_WORK INSTRUCTION_: Repeat the listing beneath this line exactly, keeping every character.

_THE INPUT_:
+---+

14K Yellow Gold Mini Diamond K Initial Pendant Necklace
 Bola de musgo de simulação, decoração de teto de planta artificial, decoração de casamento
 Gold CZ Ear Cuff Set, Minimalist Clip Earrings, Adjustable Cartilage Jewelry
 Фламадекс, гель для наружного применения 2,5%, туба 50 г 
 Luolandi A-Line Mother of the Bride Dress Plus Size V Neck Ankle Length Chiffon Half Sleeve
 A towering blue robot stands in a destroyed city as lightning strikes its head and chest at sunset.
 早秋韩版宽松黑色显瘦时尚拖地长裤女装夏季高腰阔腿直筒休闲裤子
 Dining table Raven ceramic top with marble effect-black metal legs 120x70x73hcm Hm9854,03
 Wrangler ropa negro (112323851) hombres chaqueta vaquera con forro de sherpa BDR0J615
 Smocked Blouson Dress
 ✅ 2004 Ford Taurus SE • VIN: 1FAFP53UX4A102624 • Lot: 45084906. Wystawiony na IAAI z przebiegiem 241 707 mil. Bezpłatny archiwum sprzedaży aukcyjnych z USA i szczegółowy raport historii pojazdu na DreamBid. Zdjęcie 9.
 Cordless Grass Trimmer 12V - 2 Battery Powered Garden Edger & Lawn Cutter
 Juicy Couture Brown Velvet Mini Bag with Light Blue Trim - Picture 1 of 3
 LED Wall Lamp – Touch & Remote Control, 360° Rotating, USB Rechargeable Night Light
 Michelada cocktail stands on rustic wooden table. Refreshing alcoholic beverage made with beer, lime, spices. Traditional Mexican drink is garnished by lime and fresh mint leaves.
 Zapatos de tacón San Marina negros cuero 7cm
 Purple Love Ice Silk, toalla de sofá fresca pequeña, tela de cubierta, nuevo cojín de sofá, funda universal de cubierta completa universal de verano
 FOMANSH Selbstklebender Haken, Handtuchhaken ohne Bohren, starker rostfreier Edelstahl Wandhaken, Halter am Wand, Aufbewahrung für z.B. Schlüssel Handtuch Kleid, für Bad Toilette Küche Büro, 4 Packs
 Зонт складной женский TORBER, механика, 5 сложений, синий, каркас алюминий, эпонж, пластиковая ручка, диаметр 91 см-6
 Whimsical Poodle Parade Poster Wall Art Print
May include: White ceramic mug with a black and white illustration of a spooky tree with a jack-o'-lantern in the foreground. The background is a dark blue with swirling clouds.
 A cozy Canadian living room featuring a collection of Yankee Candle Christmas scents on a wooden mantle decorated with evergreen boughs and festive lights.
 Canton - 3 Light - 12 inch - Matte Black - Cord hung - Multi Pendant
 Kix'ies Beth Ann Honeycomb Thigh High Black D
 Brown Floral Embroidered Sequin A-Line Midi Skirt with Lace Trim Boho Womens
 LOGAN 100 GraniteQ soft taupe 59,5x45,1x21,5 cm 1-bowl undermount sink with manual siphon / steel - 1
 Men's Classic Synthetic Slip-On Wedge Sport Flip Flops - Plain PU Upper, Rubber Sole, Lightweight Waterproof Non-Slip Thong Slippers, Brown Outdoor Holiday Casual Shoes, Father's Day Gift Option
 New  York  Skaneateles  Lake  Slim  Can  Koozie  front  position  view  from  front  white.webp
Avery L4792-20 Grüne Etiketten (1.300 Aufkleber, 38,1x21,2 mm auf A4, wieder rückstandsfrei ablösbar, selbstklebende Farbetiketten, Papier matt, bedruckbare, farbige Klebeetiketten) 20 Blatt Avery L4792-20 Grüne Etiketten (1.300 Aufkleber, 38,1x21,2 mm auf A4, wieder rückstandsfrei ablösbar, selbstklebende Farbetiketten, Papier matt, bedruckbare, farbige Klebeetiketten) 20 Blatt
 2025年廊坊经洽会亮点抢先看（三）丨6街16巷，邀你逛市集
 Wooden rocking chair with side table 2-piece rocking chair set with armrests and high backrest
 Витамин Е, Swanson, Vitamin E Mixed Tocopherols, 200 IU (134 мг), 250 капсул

+---+

_ANSWER SPACE_:
14K Yellow Gold Mini Diamond K Initial Pendant Necklace
 Bola de musgo de simulação, decoração de teto de planta artificial, decoração de casamento
 Gold CZ Ear Cuff Set, Minimalist Clip Earrings, Adjustable Cartilage Jewelry
 Фламадекс, гель для наружного применения 2,5%, туба 50 г 
 Luolandi A-Line Mother of the Bride Dress Plus Size V Neck Ankle Length Chiffon Half Sleeve
 A towering blue robot stands in a destroyed city as lightning strikes its head and chest at sunset.
 早秋韩版宽松黑色显瘦时尚拖地长裤女装夏季高腰阔腿直筒休闲裤子
 Dining table Raven ceramic top with marble effect-black metal legs 120x70x73hcm Hm9854,03
 Wrangler ropa negro (112323851) hombres chaqueta vaquera con forro de sherpa BDR0J615
 Smocked Blouson Dress
 ✅ 2004 Ford Taurus SE • VIN: 1FAFP53UX4A102624 • Lot: 45084906. Wystawiony na IAAI z przebiegiem 241 707 mil. Bezpłatny archiwum sprzedaży aukcyjnych z USA i szczegółowy raport historii pojazdu na DreamBid. Zdjęcie 9.
 Cordless Grass Trimmer 12V - 2 Battery Powered Garden Edger & Lawn Cutter
 Juicy Couture Brown Velvet Mini Bag with Light Blue Trim - Picture 1 of 3
 LED Wall Lamp – Touch & Remote Control, 360° Rotating, USB Rechargeable Night Light
 Michelada cocktail stands on rustic wooden table. Refreshing alcoholic beverage made with beer, lime, spices. Traditional Mexican drink is garnished by lime and fresh mint leaves.
 Zapatos de tacón San Marina negros cuero 7cm
 Purple Love Ice Silk, toalla de sofá fresca pequeña, tela de cubierta, nuevo cojín de sofá, funda universal de cubierta completa universal de verano
 FOMANSH Selbstklebender Haken, Handtuchhaken ohne Bohren, starker rostfreier Edelstahl Wandhaken, Halter am Wand, Aufbewahrung für z.B. Schlüssel Handtuch Kleid, für Bad Toilette Küche Büro, 4 Packs
 Зонт складной женский TORBER, механика, 5 сложений, синий, каркас алюминий, эпонж, пластиковая ручка, диаметр 91 см-6
 Whimsical Poodle Parade Poster Wall Art Print
May include: White ceramic mug with a black and white illustration of a spooky tree with a jack-o'-lantern in the foreground. The background is a dark blue with swirling clouds.
 A cozy Canadian living room featuring a collection of Yankee Candle Christmas scents on a wooden mantle decorated with evergreen boughs and festive lights.
 Canton - 3 Light - 12 inch - Matte Black - Cord hung - Multi Pendant
 Kix'ies Beth Ann Honeycomb Thigh High Black D
 Brown Floral Embroidered Sequin A-Line Midi Skirt with Lace Trim Boho Womens
 LOGAN 100 GraniteQ soft taupe 59,5x45,1x21,5 cm 1-bowl undermount sink with manual siphon / steel - 1
 Men's Classic Synthetic Slip-On Wedge Sport Flip Flops - Plain PU Upper, Rubber Sole, Lightweight Waterproof Non-Slip Thong Slippers, Brown Outdoor Holiday Casual Shoes, Father's Day Gift Option
 New  York  Skaneateles  Lake  Slim  Can  Koozie  front  position  view  from  front  white.webp
Avery L4792-20 Grüne Etiketten (1.300 Aufkleber, 38,1x21,2 mm auf A4, wieder rückstandsfrei ablösbar, selbstklebende Farbetiketten, Papier matt, bedruckbare, farbige Klebeetiketten) 20 Blatt Avery L4792-20 Grüne Etiketten (1.300 Aufkleber, 38,1x21,2 mm auf A4, wieder rückstandsfrei ablösbar, selbstklebende Farbetiketten, Papier matt, bedruckbare, farbige Klebeetiketten) 20 Blatt
 2025年廊坊经洽会亮点抢先看（三）丨6街16巷，邀你逛市集
 Wooden rocking chair with side table 2-piece rocking chair set with armrests and high backrest
 Витамин Е, Swanson, Vitamin E Mixed Tocopherols, 200 IU (134 мг), 250 капсул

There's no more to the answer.